§ PROBLEM DETAILS
Using the listing below, print exactly everything from the line with "Guide speaking to" down to the line with "Ford Escort Kombi", both included, and nothing more.

§ RECORDED INFORMATION

• • • • • • •

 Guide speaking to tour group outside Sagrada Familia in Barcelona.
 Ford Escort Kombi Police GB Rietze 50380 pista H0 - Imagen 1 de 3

• • • • • • •

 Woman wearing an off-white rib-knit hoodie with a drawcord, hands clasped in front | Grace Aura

• • • • • • •

§ COMPLETED EXERCISE
 Guide speaking to tour group outside Sagrada Familia in Barcelona.
 Ford Escort Kombi Police GB Rietze 50380 pista H0 - Imagen 1 de 3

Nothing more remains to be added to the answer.